Reservation Dogs is unapologetically steeped in the latter two from that list, but it’s never presented pedantically; white viewers like me aren’t having a lifestyle explained to us, just shown. Its reach is further extended by some playful magical realism – when some of the crew seem to see or interact with various spirits, which are themselves mixed bags of stereotypes and lore, playing off of how much of a melting pot are our influences, especially as extended over these many years. Our writers have also given the series something of a througline that even the best of these dramadies can be said to lack: that off-in-the-distance goal of California isn’t a lark, but a real destination, with different motivations behind it for different characters. It gives weight and urgency to a lot of their experiences, and further contextualizes that past tragedy, which we also learn more about as the season progresses.
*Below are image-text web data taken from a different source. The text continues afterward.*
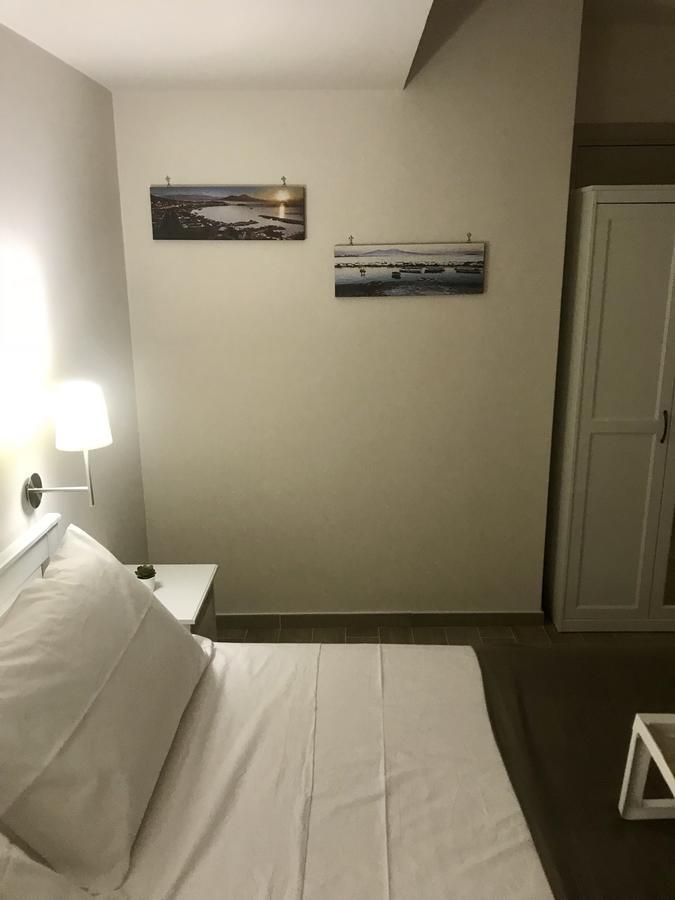 Virgilio'S Garden Bed & Breakfast Castellammare di Stabia Exterior photo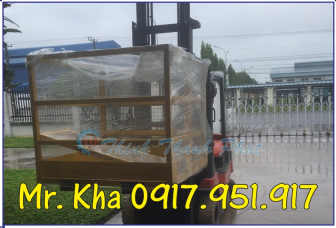 LỒNG ĐỨNG XE NÂNG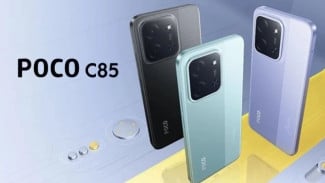 Samsung Galaxy A17 5G Lawan Poco C85 Dukungan Software Jangka Panjang Siapa Menang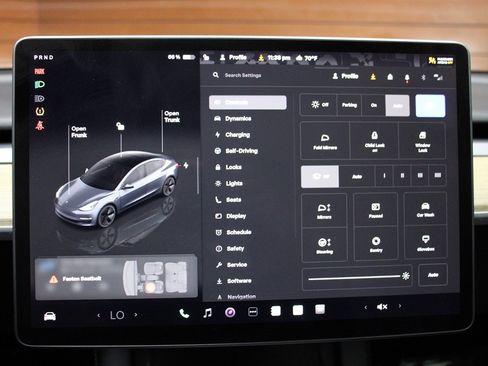 Used 2023 Tesla Model 3 Standard Range RWD image 23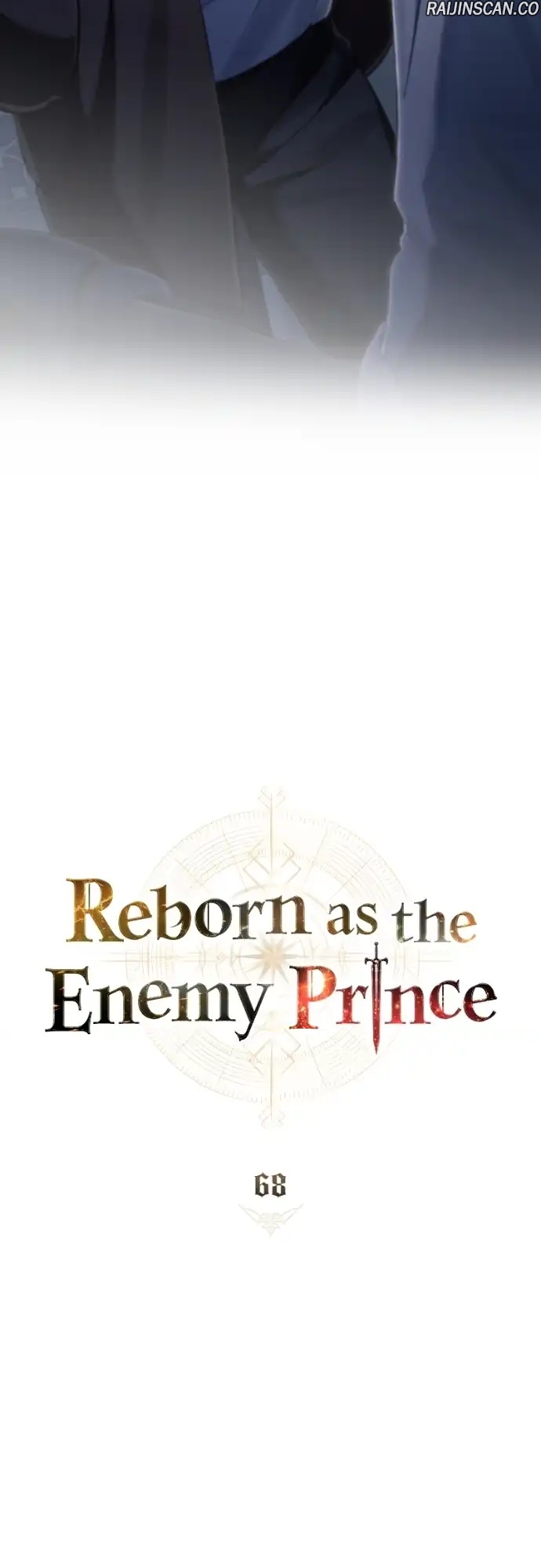 Reborn as the Enemy Prince Chapitre 68 - Page 8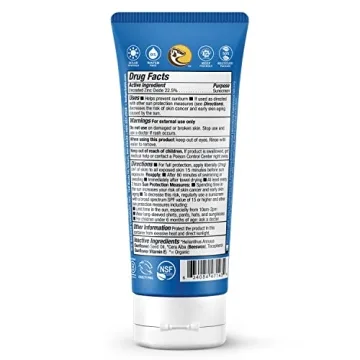 Badger SPF 40 Reef Safe Sunscreen for Outdoor Adventures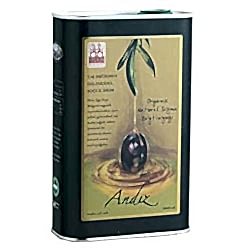 Yerlim Organik Sızma Zeytinyağı  Andız  1000ml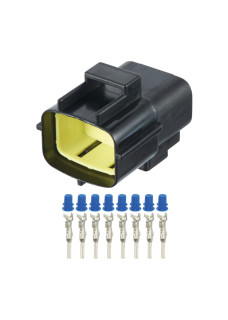 Роз'єм автомобільний без проводів 00041133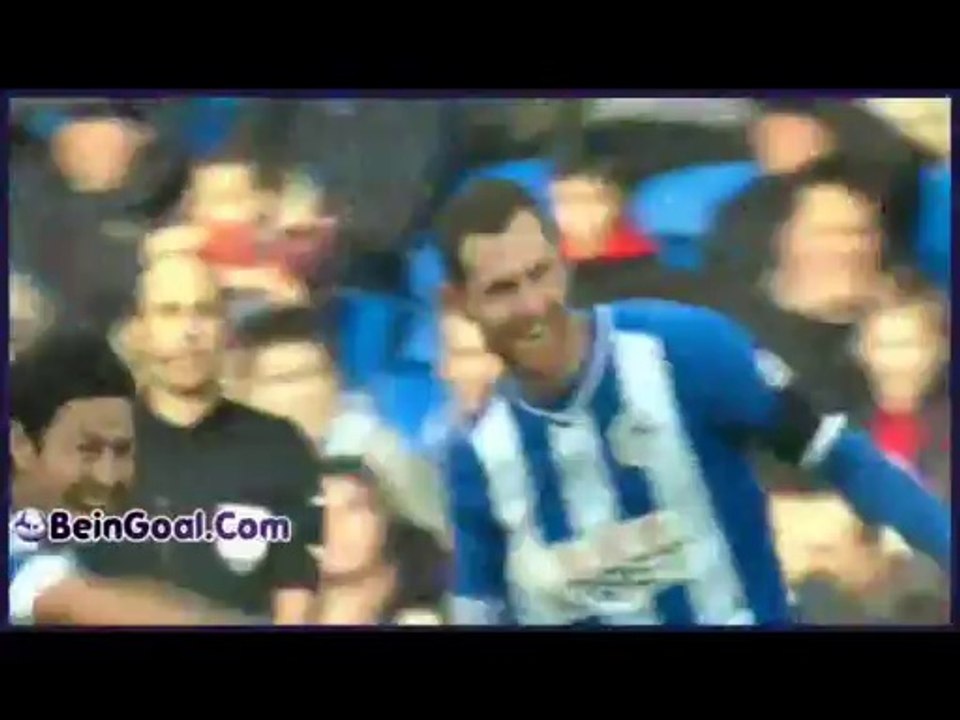 Cardiff Vs Wigan 1-2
The main actors are all gifts. They each have fronts of toughness, or appear more or less naive, but the scripts and actors flesh this out immensely; it is ridiculously easy to love and feel for these characters within a single episode, even when they’re acting variously like brats or participating in some form of foolishness. McLarnon’s Officer Big is also a highlight – often playing a tough, it’s a joy to see the actor flex some great comedic skills and timing. He errs toward goofball, but manages our sympathies as well.
Reservation Dogs joins Better Things (and the quickly evolving Breeders) as not only one of the best of the “grounded” comedies on FX, but also one of the best shows, period, of the recent past.